Beyond Datalake in Hadoop summits

Since 2013 I attended countable Hadoop summits/Strata conferences and found a trend where speakers initially used to highlight importance of Hadoop and its technology stack.

When I last attended in December 2014 I found a new trend where speakers instead of talking more about Hadoop core they introduced Datalake and its architectural components like Raw Data Zone, Metadata management, search,  integration tools etc to the community. I was pretty happy when Cloudera released Hadoop Application Architecture book and I recommended to many to study it.

Just like Maven standardized code structure for Java developers, I feel the term “datalake” set a standard in the community by introducing a common vocabulary like Landing Zone/Raw Data Zone between the data engineers.

Me being in consulting and implemented datalake at many enterprises one question that is asked always was “What next… beyond datalake”.

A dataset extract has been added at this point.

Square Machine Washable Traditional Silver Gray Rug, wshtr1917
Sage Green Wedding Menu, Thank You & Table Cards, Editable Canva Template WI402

Though I did not attended any session last year (2015) based on inputs I received from my colleagues I felt it is time for Hadoop summit/Strata speakers to introduce to the community what is beyond datalake.

I think “domain specific” data zones are next to datalake data zones; here “domain” I mean Banking, Financial, HealthCare, Financial, Telecom etc. Many enterprises would have already answered the question “What next to datalake” and would have implemented the solutions but such solutions might be locked in source code repositories (like SVN) in the form of conceptual / solution architecture artifacts. One might find many videos or blogs on what kind of solutions big data teams developed beyond “datalake” but I feel consolidating such solutions and introducing a reference architecture, vocabulary to the community through these summits will greatly help data engineers.

Above I might be wrong in expressing my views but thought of sharing¬† my opinion on “beyond datalake”.